From: "Bruce E Shillinglaw" <SHILLINGLAWB@prodigy.net>
Reply-To: SHILLINGLAWB@prodigy.net
To: "Dinosaur Mailing List" <dinosaur@usc.edu>
Subject: Re: New Tyrannosaurus paper
Date: Fri, 1 Mar 2002 19:17:34 -0500
Hi, All!
This talk of horses, tyrannosaurs and running brings a question into
my
mind.

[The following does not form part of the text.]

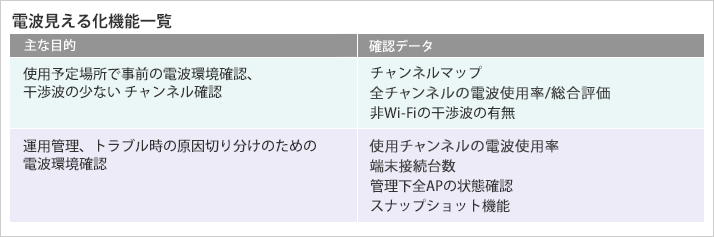 電波見える化機能一覧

For a long while, people have talked about research (I can't recall
_whose_, and don't have the paper - I don't have very much in the way of
primary literature in my personal library, yet another thing I'd like to do
something about one of these days) which showed that *Tyrannosaurus* would
suffer fatal damage if it fell while running, and suggested that it would
therefore be maladaptive for *Tyrannosaurus* to _run_. (muscle mass
notwithstanding)
Horses _also_ frequently suffer fatal damage if they fall while
running,
as far too many thorobred owners and jockeys have discovered. And yet
horses
still run! In fact, they're _specialized_ for it. Giraffes, as someone
mentioned yesterday, also gallop at great speed, and if one ever fell, from
_that_ height, getting up and walking away would be unlikely, to say the
least.
Thus my question - why would the likelihood of serious damage be any
more limiting to mega-theropods than it is to large, fast ungulates?